| Given data |
* * * * *

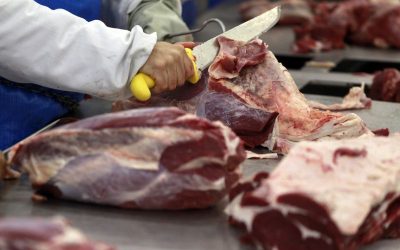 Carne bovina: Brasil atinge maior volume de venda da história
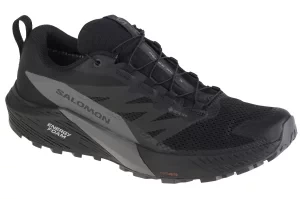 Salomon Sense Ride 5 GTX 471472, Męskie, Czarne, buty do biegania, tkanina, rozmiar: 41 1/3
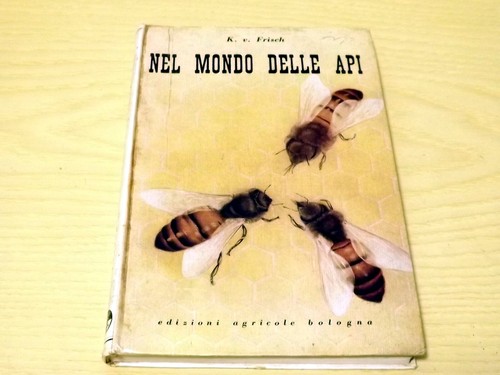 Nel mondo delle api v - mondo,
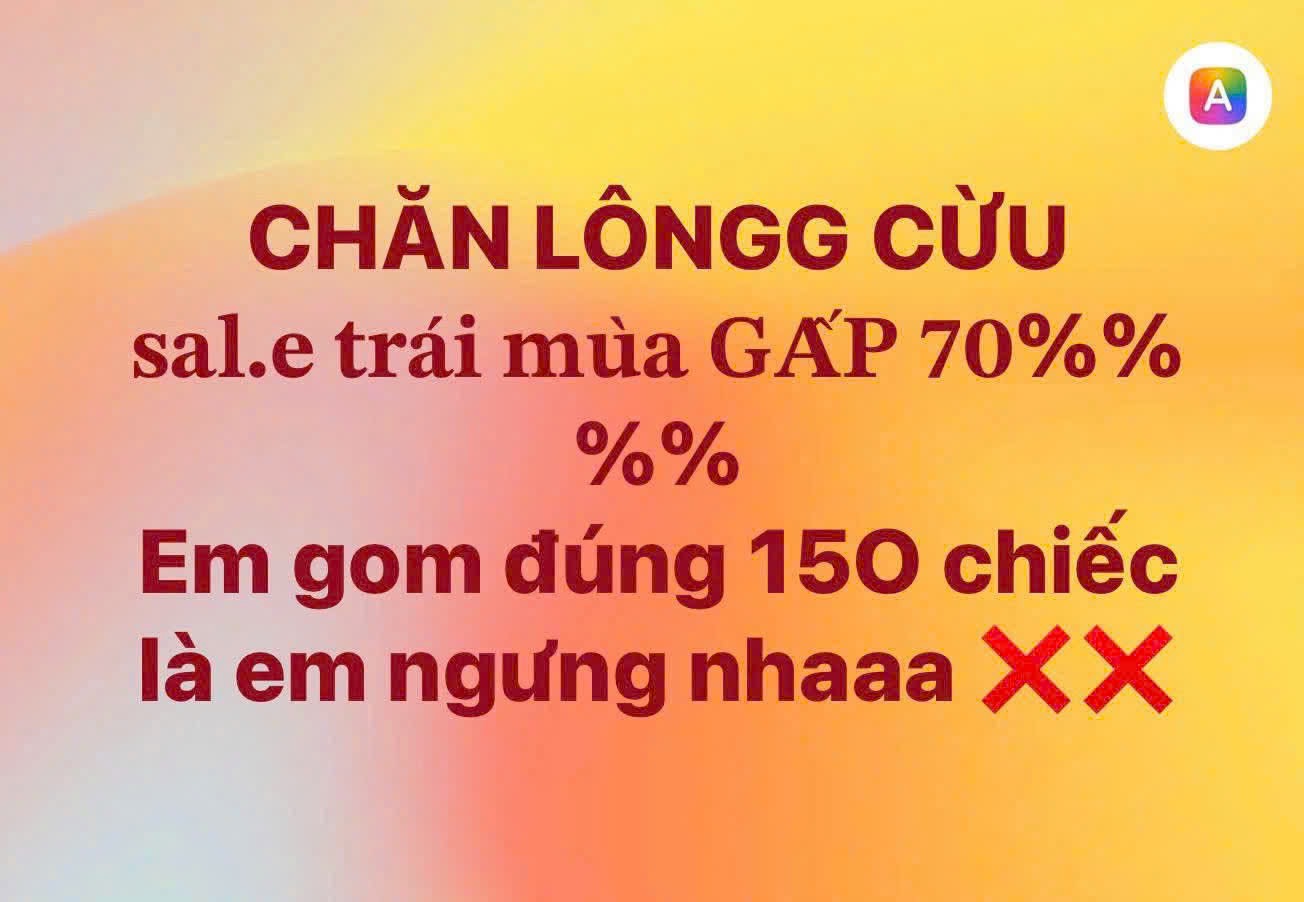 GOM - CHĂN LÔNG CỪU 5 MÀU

* * * * *

| What is required |
What you give back should be exactly the lines from the line holding "Nel mondo delle" through the final line of the material, both ends included, and please leave out the pictures.

| Exercise result |
 Nel mondo delle api v - mondo,
 GOM - CHĂN LÔNG CỪU 5 MÀU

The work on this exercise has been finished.